I am sorry today is a trigger for you...but...it's been a year and you are still alive 

In future years, the triggers will become less and less. Promise.

At least you're not this girl:










:rofl:


----------



## desert-rose (Aug 16, 2011)

Apple Ducklings, today is also my birthday and I'm also thinking about last year, when my WH was also entrenched in his affairs. Triggers and unhappiness in my own headspace, too, though he and I went out on a lovely date that night and I was totally in the dark about his deception so thinking of it makes me feel a little foolish. You're not alone about those triggers. I'm glad you're going to go out and celebrate. I don't think I can stomach a celebration, so, I'm hanging out at home all dressed up and made up for just myself and reading a book just for fun. Just thought I'd wish you a happy birthday, too, and say....Hang in there and try to have a great night for you tonight!


----------



## Homemaker_Numero_Uno (Jan 18, 2011)

Happy Birthday.
I had not completely caught up with how things went for you.
I remember we were both struggling to forgive and move forward in relationships. Gold stars for trying, all around. I think you did way more than I did, and I was super impressed with your fortitude and resilience (still am!) That's what I remember from that time, not all the sadness and hurt, but your resilience and your compassion and your fortitude. So you celebrate that while you're celebrating your birthday. You do have a gift, even though you didn't get one. I hope you know that. Your heart is perfect.


----------



## Homemaker_Numero_Uno (Jan 18, 2011)

desert-rose said:


> Apple Ducklings, today is also my birthday and I'm also thinking about last year, when my WH was also entrenched in his affairs. Triggers and unhappiness in my own headspace, too. You're not alone. I'm glad you're going to go out and celebrate. I don't think I can stomach a celebration, so, I'm hanging out at home all dressed up and made up for just myself and reading a book just for fun. Just thought I'd wish you a happy birthday, too, and say....Hang in there and try to have a great night for you tonight!

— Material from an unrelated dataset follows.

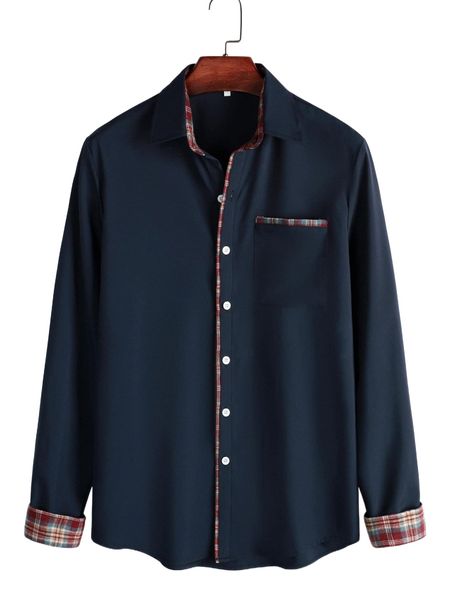 

men plaid contrast trim patched pocket shirt p664#, White;black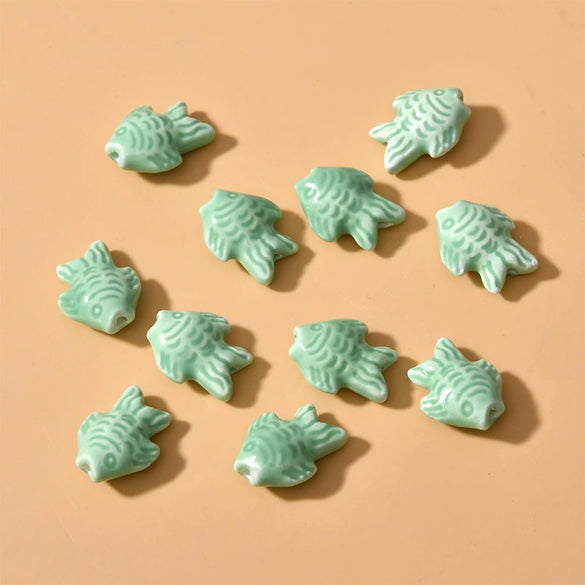 Ceramic Small Fish Straight Hole Beads Handmade Diy Material For Bracelet Necklace Earring Accessories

Happy Birthday to you too, Desert-Rose. I'll be reading tonight as well, alone, in bed. I'm taking a literature course and ironically the reading includes 'Tragedy' and 'The Unbrearable Lightness of Being' (which is what I'm reading tonight, and it's highly relevant). 

I went out earlier with my kids. Didn't feel like it and explained it to them and they were super supportive. I was mistaken by some people for a new friend of mine and her daughter, so that was amusing. Sometimes when you don't feel like doing something but know it might be good for you, you have to do it anyway. Light a candle and blow it out and make a wish. It's your birthday, you deserve it. I love your user name. Very pretty.


----------



## AppleDucklings (Mar 27, 2011)

desert-rose said:


> Apple Ducklings, today is also my birthday and I'm also thinking about last year, when my WH was also entrenched in his affairs. Triggers and unhappiness in my own headspace, too. You're not alone. I'm glad you're going to go out and celebrate. I don't think I can stomach a celebration, so, I'm hanging out at home all dressed up and made up for just myself and reading a book just for fun. Just thought I'd wish you a happy birthday, too, and say....Hang in there and try to have a great night for you tonight!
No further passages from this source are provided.